From all this we must conclude that if the words of the captivity were forever settled in heaven (Psalm 119.89), just as Jeremiah prophesied them, then the captivity must as well have been certain, or he could not certainly speak of it. Consequently, the events that brought about the captivity must as well be certain (predestinated) or the words God sealed on the lips of the prophet would be meaningless and mere confusion. Our text in Leviticus 25.8 demands no more fulfillment than that of which was stated. But it does demand that much. The 490 years the Israelites desecrated those sabbaths would not make void the word of the Lord, for as Jeremiah prophesied, and as came to pass, the land did, at the appointed time, enjoy her sabbaths, though without the Israelites in occupancy. Every event necessary to cause this to come to pass was unfailingly in place by the irrevocable decrees of the Almighty. Surely when we see the grand story told in the Bible as a whole, and not as simple isolated events held together by "who knows what?" the doctrine of the absolute predestination of all things sweeps across the whole, binding it together in one uniform testimony of the grandeur and majesty of God, who sovereignly rules over His creation. That most definitely includes the substance of Leviticus 25.8.

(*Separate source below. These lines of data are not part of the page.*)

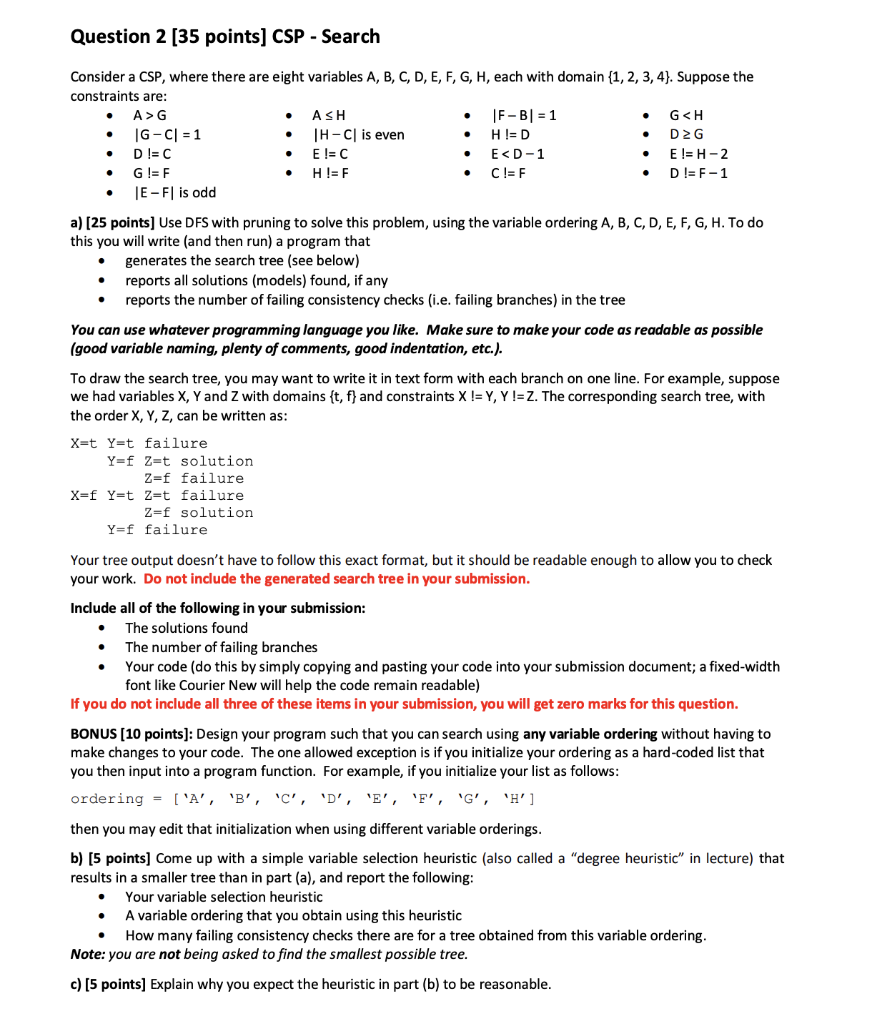 Consider A CSP, Where There Are Eight Variables A, B, | Chegg.com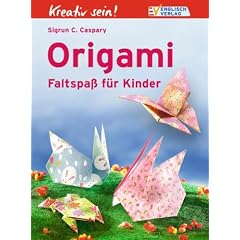 Kreativ sein! Origami: Faltspa� f�r Kinder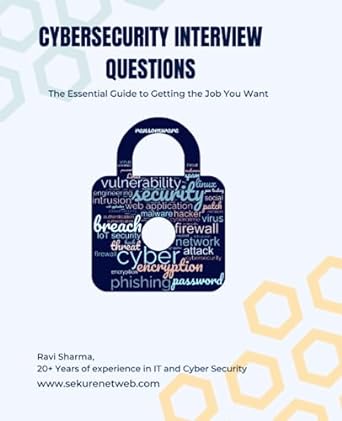 cybersecurity interview questions the essential guide to getting the job you want 1st edition mr ravi sharma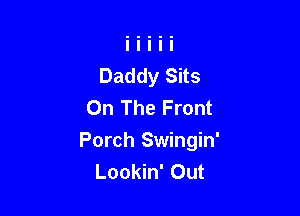 Daddy Sits
On The Front

Porch Swingin'
Lookin' Out
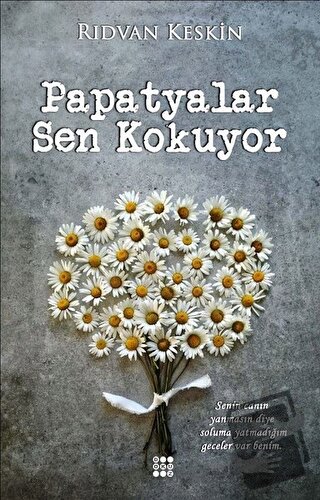 Papatyalar Sen Kokuyor - Rıdvan Keskin - Dokuz Yayınları - Fiyatı - Yo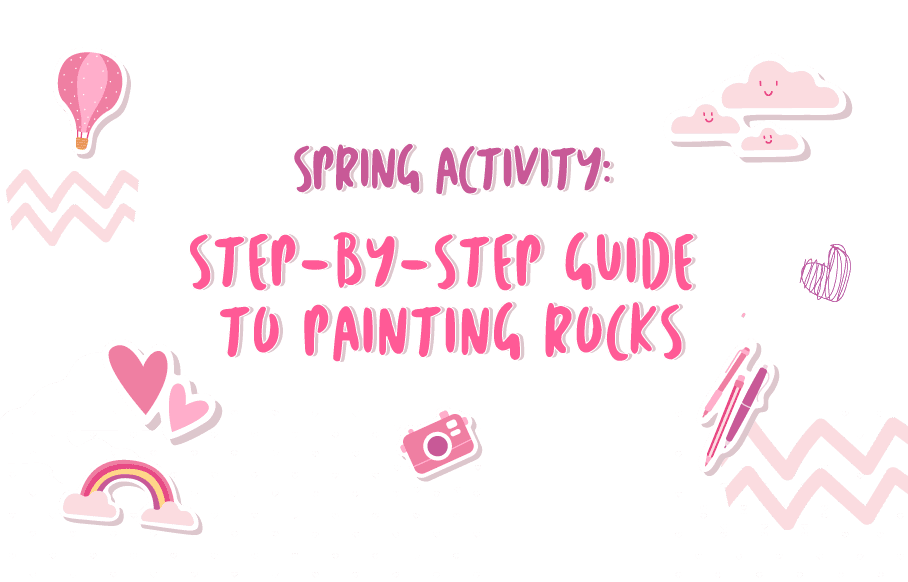 Spring Activity: Step-by-Step Guide to Painting Rocks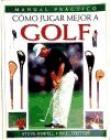 Cómo jugar mejor al golf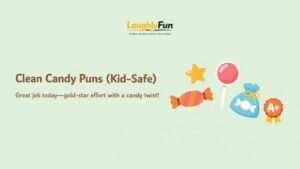 Clean candy puns (kid-safe)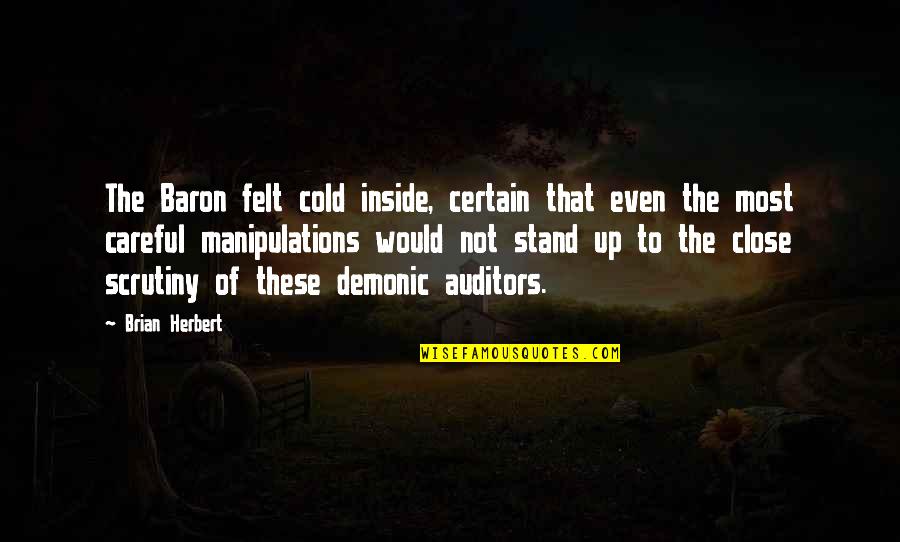 Erdelyi Quotes By Brian Herbert: The Baron felt cold inside, certain that even Erdelyi Quotes By Brian Herbert: The Baron felt cold inside, certain that even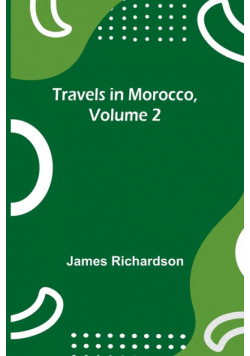 Travels in Morocco, Volume 2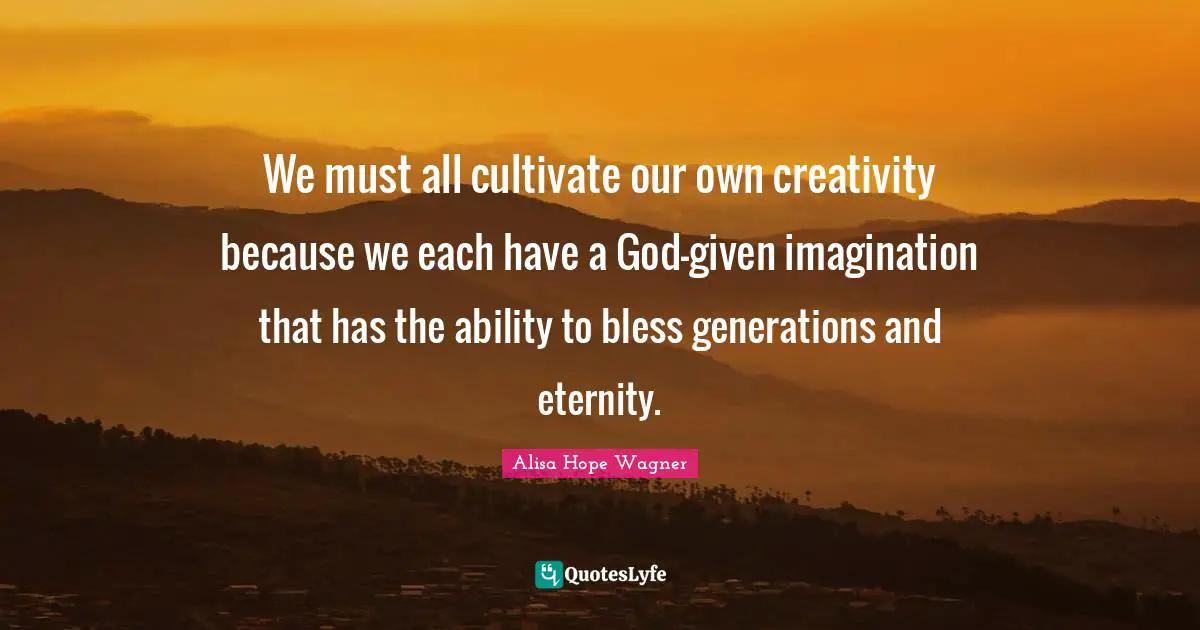 Alisa Hope Wagner Quotes: "We must all cultivate our own creativity because we each have a God-given imagination that has the ability to bless generations and eternity."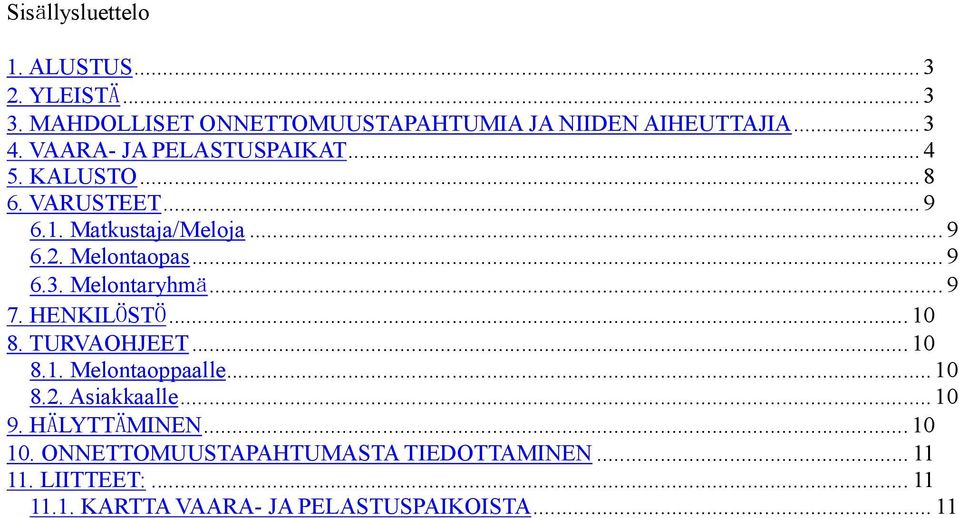 Melontaryhmä...9 7. HENKILÖSTÖ...10 8. TURVAOHJEET...10 8.1. Melontaoppaalle...10 8.2. Asiakkaalle...10 9.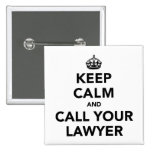 Keep Calm And Call Your Lawyer Button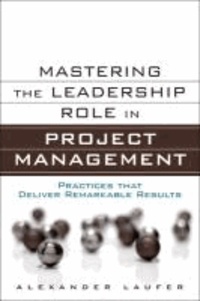 Mastering the Leadership Role in Project Management - Practices That Deliver Remarkable Results.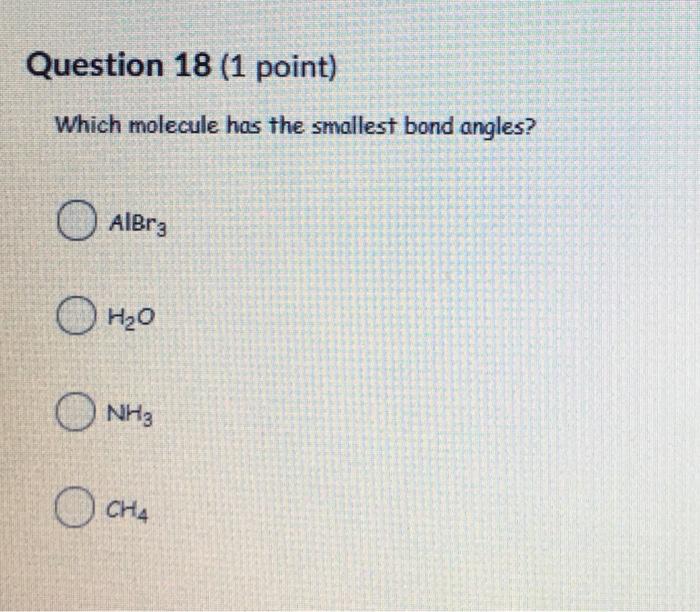  Question 18 (1 point) Which molecule has the smallest bond angles?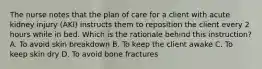 The nurse notes that the plan of care for a client with acute kidney injury​ (AKI) instructs them to reposition the client every 2 hours while in bed. Which is the rationale behind this​ instruction? A. To avoid skin breakdown B. To keep the client awake C. To keep skin dry D. To avoid bone fractures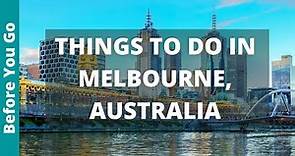 22 BEST Things to do in Melbourne, Australia | Victoria Tourism & Travel Guide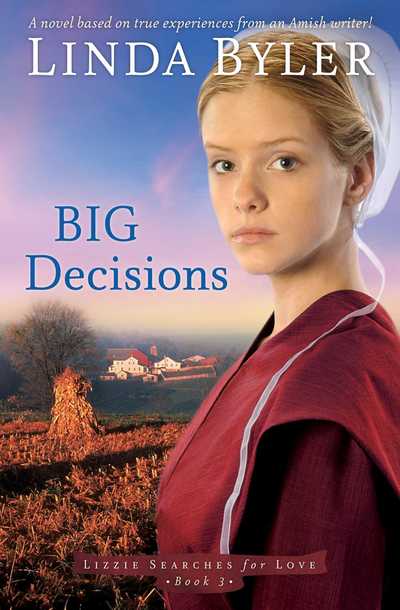 Big Decisions: A Novel Based On True Experiences From An Amish Writer! - Linda Byler - Livres - Skyhorse Publishing - 9781680993974 - 2 avril 2019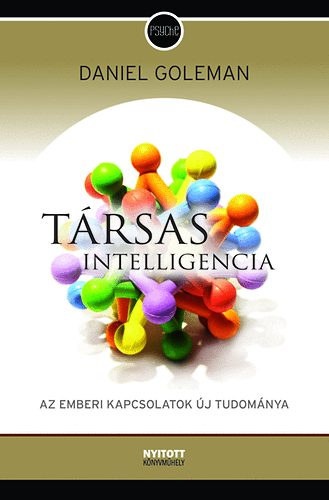 Daniel Goleman - Trsas intelligencia - az emberi kapcsolatok j tudomnya
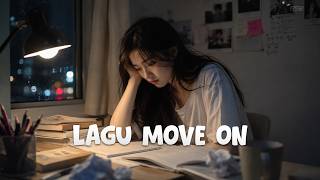 Lagu Move On 2026 🌿 | Playlist Penyemangat Setelah Patah Hati | Best Healing Songs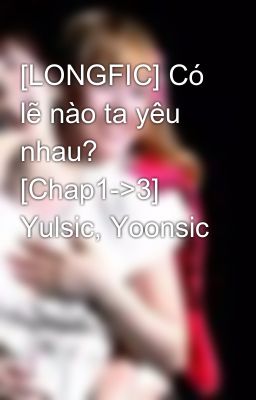 [LONGFIC] Có lẽ nào ta yêu nhau? [Chap1->3] Yulsic, Yoonsic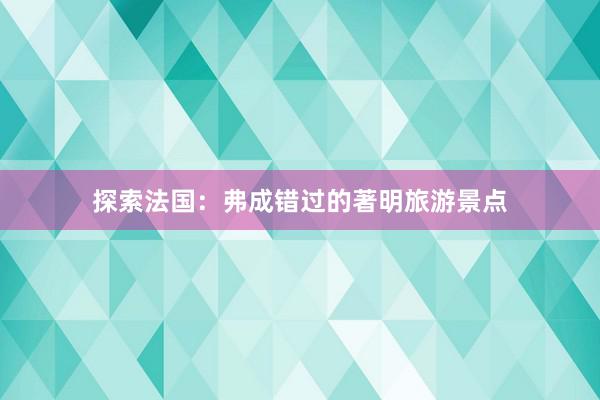 探索法国：弗成错过的著明旅游景点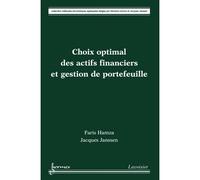 Choix optimal des actifs financiers et gestion de portefeuil - Janssen - Hermes Science Publications - broché - Livre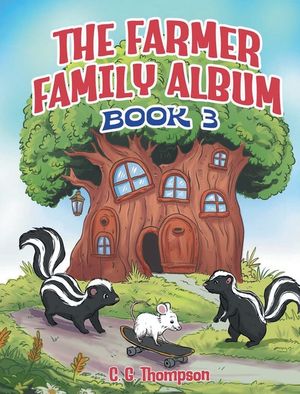 The Farmer Family Album: (Book 3) image number 0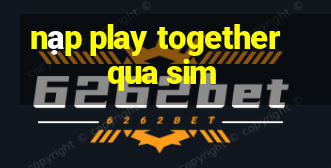 nạp play together qua sim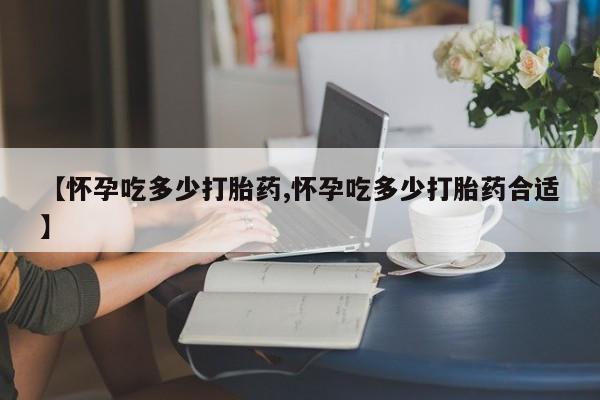 药流药怎么购买【怀孕吃多少打胎药,怀孕吃多少打胎药合适】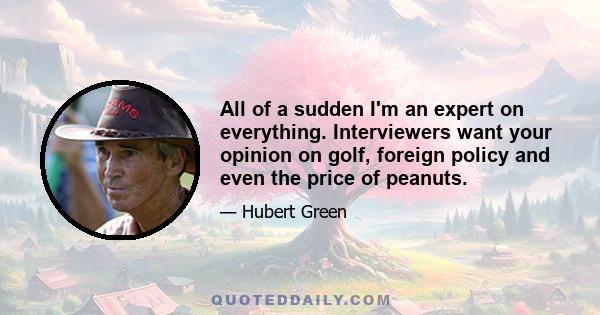 All of a sudden I'm an expert on everything. Interviewers want your opinion on golf, foreign policy and even the price of peanuts.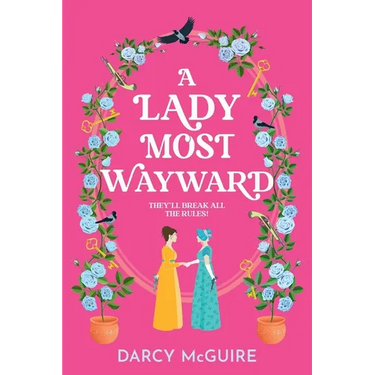 A Lady Most Wayward
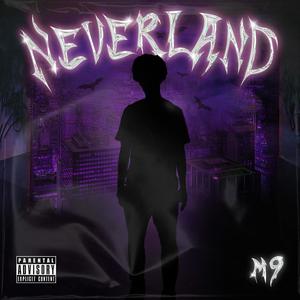 Neverland (Explicit)
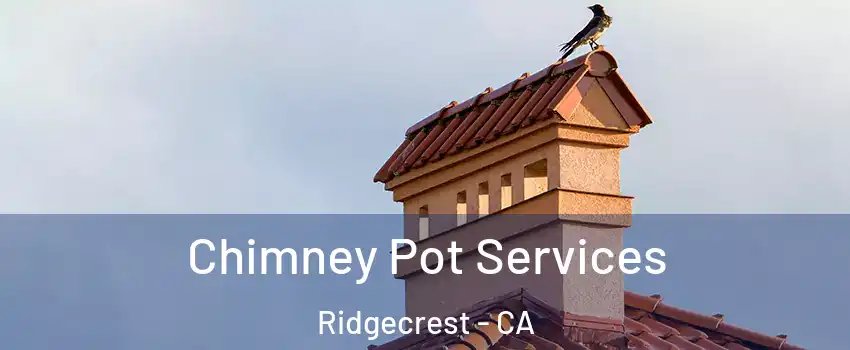  Chimney Pot Services Ridgecrest - CA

There was, as we pointed out previously, seventy years after entering the land of promise before the sabbaths of land rest would begin. Then there was the Israelites occupying the land, attended with their neglect of the appointed sabbaths, followed by the captivity of seventy years to reclaim by God the rest for the land. Could all this exactness be mere chance? To us it speaks volumes about God's predestination. When scripture after scripture blends together in a perfect harmony, and that, often spanning centuries, there can be no other conclusion drawn by those that trust God and His Word than the fact of all things being governed by a wise and holy plan far superior to our limited understanding. Indeed, God does reign supreme over all.